= The problem =
Skip the pictures. Quote every line below, exactly, from the one with "my-muse online show" through the final line.

= Data excerpt =
■ ■ ■ ■

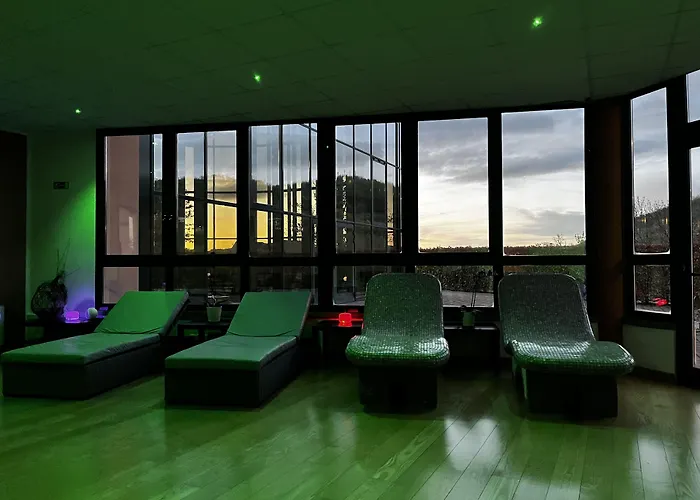 Hotel a Lama Mocogno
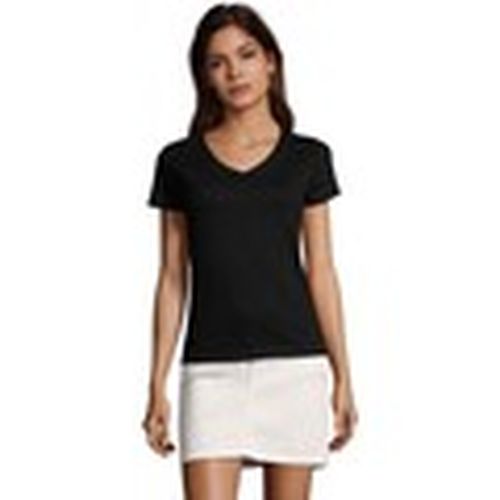 Sols Camiseta Imperial para mujer - Sols - Modalova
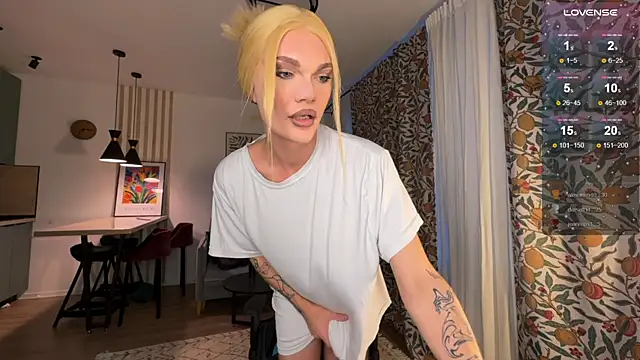 my-muse online show from October 17, 2025, 1:46 pm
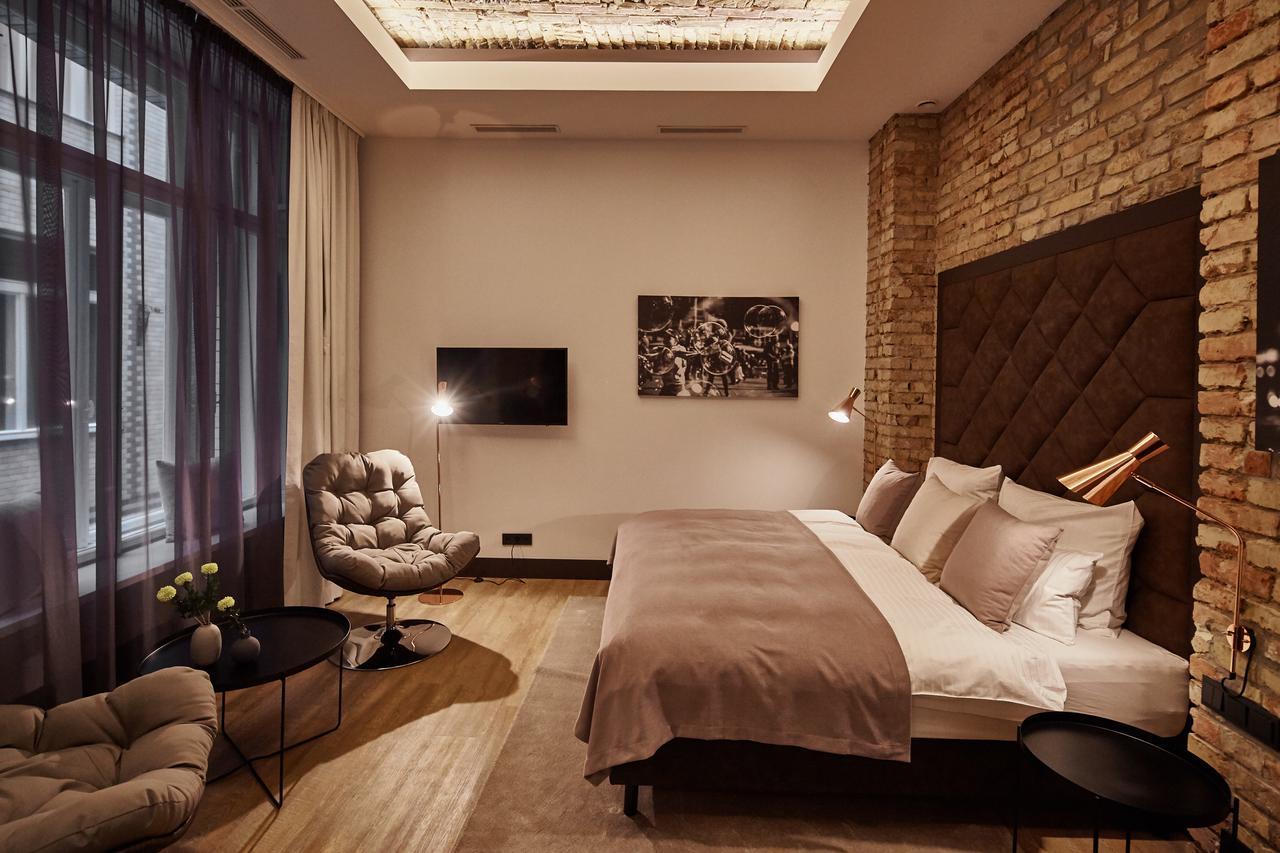 Suite Loft Familiare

■ ■ ■ ■

= Exercise result =
 my-muse online show from October 17, 2025, 1:46 pm
 Suite Loft Familiare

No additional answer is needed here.